The Democratic Congressional Campaign Committee is now taking note, dubbing Hoffman the "darling of right wing Republicans" and blasting him as an out-of-touch millionaire with a waterfront island home, a classic car collection, and a plan that includes "tax breaks for the wealthy."

An October 11-13 Siena College poll put Owens in the lead with 33 percent of the vote, Scozzafava at 29 percent, and Hoffman at 23 percent. A Club for Growth poll later found a small lead for Hoffman, and another conservative group-Minuteman PAC-also found Hoffman up by 5 points.

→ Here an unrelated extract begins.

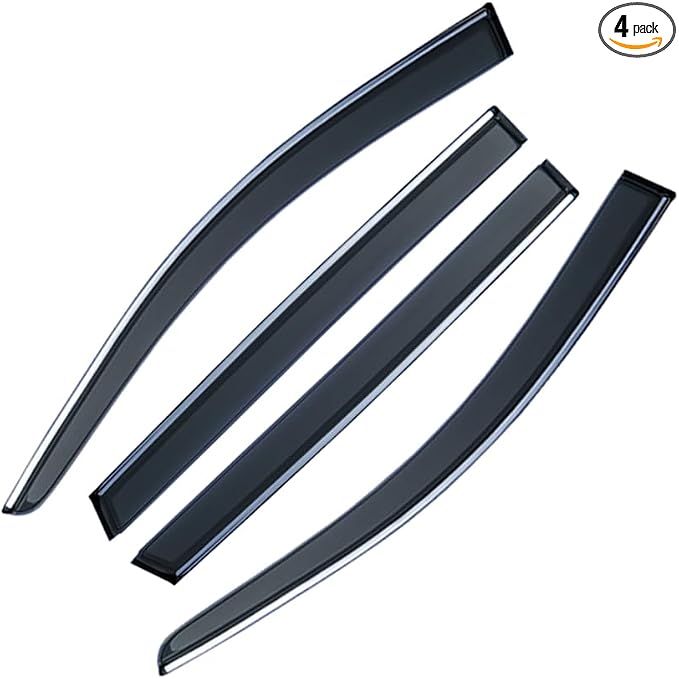 4Pcs for Toyota Camry 2012-2017 Window Visor Rain Guard Deflector Chrome Trim Smoke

Former Republican Speaker of the House Newt Gingrich has opposed the Hoffman movement, telling Fox News Channel's Greta Van Susteren that conservatives' excitement about Hoffman is based "largely on misinformation" and that if Hoffman takes away enough votes to elect Owens, it will strengthen Speaker Nancy Pelosi instead of the conservative movement. He defended Scozzafava as "adequately conservative" for upstate New York, but he added that there is "no question" Scozzafava is liberal on social issues.

But conservative leaders like Marjorie Dannenfelser, president of the Susan B. Anthony List, see this as a test run for next year-an ultimatum to the GOP: "This has come at a particular tipping point in politics right now. On the one hand, Obama's policies are worrying conservatives; on the other, you have "a Republican party that can't see itself finding a candidate that . . . can counter those policies at a time when the country-and especially districts like this-are reacting strongly to Obama's policies."

Their purpose, said Dannenfelser, is "to stand up and say, 'There is a line, Republican Party, that we will not cross, and in this race you have crossed it.'" She added, even if Owens wins, "it will be a message that the Republican Party need not do this again."

According to Dannenfelser, this is the first time the Susan B. Anthony List has endorsed a third-party candidate: "I've never made a move like this but when you do it, you better mean it. If you're gonna shoot a bear you'd better kill it." So organization is spending an estimated $350,000 to support Hoffman, is sponsoring 800 radio spots, has hit its goal of 100 volunteers, and is pushing for 250 volunteers to distribute 4,000 yard signs, pass out 80,000 pieces of comparison literature, and man the 75 largest Republican precincts on Election Day.

This also is the first time that the Catholic Families for America PAC has endorsed a third-party candidate, said executive director Kevin Roberts. But he said it wasn't an agonizing decision: "It was a no-brainer."